Lt. Gen. Raymond Odierno says the war now is against Shia militias and America's old enemy, al Qaeda.
"I think the Sunni insurgency as we used to see it is really no longer," said Odierno. "Some people will challenge me on that, but I believe they have either chosen to be part of al Qaeda in Iraq or they've decided they want to try to reconcile with this government."
With the help of hard-core Sunni insurgents like the Ameriyah Freedom Fighters in Baghdad, Odierno says U.S. forces have had some recent success against al Qaeda.
It's now Shia militants, backed by Iran, who are killing the most Americans in the Iraqi capital, taking 32 U.S. lives last month, Logan reports.

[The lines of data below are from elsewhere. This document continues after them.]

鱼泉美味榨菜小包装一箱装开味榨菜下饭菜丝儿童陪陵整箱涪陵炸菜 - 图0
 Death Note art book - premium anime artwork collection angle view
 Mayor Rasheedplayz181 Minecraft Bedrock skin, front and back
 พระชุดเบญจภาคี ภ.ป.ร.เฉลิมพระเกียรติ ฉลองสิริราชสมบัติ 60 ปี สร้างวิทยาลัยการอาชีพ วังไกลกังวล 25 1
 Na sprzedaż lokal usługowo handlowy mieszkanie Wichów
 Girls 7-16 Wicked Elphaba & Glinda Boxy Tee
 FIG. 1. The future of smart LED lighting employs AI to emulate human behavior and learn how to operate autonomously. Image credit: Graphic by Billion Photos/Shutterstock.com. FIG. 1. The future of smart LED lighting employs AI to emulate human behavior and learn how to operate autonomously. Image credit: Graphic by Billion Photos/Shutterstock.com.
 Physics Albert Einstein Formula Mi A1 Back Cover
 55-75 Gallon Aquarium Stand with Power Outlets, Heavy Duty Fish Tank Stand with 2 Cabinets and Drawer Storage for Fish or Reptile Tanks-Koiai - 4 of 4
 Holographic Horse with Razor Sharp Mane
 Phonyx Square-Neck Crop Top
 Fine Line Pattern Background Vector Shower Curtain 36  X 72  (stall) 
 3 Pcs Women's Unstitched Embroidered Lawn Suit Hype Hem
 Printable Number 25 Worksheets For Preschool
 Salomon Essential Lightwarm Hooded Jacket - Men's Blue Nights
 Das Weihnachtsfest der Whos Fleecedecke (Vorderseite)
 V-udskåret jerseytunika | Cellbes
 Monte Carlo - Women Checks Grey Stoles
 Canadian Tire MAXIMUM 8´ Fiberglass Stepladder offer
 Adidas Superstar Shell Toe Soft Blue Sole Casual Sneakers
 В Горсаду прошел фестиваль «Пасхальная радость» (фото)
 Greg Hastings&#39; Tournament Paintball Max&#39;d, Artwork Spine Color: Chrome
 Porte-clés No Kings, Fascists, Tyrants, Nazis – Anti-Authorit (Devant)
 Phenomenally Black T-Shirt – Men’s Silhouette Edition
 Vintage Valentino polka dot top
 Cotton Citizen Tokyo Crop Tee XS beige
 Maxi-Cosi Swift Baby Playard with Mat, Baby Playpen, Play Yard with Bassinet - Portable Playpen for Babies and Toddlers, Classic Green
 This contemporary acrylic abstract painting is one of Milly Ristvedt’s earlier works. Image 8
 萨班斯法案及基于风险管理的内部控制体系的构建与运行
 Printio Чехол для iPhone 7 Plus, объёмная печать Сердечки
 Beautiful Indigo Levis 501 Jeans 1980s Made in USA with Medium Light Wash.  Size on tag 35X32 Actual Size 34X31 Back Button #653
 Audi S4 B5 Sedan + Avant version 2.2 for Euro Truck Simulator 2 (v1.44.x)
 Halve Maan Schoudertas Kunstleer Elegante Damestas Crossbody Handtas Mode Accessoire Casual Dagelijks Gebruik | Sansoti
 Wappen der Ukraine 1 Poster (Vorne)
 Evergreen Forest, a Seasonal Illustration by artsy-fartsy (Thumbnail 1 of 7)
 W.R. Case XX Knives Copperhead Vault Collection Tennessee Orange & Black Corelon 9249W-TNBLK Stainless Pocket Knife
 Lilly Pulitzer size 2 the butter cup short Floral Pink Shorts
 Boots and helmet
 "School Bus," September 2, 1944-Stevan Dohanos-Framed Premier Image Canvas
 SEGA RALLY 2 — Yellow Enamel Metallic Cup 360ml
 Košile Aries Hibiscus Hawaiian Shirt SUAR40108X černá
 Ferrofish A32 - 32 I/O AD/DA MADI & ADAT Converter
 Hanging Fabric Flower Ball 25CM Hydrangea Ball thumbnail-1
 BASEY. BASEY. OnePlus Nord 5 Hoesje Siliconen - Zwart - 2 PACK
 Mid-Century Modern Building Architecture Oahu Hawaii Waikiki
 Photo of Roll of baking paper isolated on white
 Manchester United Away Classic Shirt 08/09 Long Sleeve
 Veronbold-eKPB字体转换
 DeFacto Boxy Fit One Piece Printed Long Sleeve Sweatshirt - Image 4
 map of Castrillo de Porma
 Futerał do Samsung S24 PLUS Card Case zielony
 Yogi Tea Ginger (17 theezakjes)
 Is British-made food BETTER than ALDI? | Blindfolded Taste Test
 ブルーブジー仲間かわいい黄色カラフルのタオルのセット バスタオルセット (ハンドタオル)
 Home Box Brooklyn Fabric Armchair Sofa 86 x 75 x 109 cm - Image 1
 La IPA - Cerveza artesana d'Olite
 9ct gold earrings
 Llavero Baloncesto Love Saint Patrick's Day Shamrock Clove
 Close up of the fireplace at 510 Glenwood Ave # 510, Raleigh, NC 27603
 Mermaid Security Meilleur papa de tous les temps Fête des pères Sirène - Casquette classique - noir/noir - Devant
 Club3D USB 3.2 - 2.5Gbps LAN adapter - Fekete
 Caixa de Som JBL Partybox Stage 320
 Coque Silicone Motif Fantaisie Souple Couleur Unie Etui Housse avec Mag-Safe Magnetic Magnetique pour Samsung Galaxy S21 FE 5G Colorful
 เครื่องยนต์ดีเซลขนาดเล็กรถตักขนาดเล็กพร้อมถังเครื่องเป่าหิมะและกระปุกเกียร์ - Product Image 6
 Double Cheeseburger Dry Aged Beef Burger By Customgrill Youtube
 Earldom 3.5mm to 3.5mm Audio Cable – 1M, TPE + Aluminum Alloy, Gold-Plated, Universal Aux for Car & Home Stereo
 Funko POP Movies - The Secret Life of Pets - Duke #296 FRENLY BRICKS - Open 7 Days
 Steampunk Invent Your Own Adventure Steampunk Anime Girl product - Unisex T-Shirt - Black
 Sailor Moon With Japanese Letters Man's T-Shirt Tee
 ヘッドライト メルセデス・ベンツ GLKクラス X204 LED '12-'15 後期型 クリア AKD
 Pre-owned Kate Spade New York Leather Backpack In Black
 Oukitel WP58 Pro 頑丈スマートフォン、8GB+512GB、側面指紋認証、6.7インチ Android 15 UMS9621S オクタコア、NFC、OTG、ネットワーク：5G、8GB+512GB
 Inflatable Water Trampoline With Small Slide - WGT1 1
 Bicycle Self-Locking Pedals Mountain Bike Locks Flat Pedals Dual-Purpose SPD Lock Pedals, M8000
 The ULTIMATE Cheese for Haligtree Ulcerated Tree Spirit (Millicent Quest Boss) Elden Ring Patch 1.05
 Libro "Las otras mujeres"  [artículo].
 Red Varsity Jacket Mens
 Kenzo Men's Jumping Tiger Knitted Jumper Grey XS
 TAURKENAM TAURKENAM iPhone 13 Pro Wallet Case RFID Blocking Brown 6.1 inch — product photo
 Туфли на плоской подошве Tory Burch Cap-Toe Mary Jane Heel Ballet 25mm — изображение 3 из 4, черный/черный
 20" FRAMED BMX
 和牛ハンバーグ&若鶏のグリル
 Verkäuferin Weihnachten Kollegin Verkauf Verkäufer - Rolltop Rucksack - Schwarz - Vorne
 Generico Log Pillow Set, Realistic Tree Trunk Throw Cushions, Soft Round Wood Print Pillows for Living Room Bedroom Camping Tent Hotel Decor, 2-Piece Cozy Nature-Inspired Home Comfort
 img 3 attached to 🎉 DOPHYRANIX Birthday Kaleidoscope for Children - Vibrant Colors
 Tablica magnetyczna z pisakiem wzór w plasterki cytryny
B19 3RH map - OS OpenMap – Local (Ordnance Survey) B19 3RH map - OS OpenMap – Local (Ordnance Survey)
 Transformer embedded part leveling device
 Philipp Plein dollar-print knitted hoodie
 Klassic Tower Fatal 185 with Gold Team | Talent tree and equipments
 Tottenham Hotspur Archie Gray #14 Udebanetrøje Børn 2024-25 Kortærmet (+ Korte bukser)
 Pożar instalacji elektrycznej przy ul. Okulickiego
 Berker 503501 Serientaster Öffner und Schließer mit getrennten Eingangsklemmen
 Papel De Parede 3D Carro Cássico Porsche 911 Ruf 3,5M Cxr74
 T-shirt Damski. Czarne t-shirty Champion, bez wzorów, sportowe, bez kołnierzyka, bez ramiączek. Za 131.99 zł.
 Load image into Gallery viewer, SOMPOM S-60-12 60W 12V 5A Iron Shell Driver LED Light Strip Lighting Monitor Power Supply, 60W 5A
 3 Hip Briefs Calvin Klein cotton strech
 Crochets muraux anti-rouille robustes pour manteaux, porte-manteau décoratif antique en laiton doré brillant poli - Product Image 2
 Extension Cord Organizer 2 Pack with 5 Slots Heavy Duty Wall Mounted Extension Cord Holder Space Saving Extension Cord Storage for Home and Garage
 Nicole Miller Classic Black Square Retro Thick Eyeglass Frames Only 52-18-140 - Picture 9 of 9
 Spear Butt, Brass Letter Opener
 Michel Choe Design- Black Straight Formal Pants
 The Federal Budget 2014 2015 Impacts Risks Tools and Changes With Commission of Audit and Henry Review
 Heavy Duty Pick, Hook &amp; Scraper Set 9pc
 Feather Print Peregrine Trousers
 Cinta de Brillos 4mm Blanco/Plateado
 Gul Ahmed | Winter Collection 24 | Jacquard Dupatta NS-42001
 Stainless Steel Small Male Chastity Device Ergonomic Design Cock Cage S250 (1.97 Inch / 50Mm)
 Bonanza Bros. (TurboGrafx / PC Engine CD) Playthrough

"What we found in the month of July that about 70 percent of the casualty-causing incidents were caused by Shia, Shia extremists, and about 30 percent by Sunnis and al Qaeda," said Odierno.
Shia militias like the Mehdi Army are not fighting to regain lost power like the Sunnis, adds Logan; their fight is for power and influence in the future Iraq.
Documents taken from a U.S. military Web site claim to show Shia fighters captured or killed in a war that Odierno says is escalating as Iran increases its support for America's enemies.
"I think they've surged along with our surge," Odierno said, "and I think their surge has been Iran continuing to send additional money, conduct additional training and additional weapons in here."
Odierno believes any decision on a U.S. withdrawal must consider Iran's growing influence. This isn't the war Odierno thought he was coming here to fight, but it's clear he isn't ready to give up yet.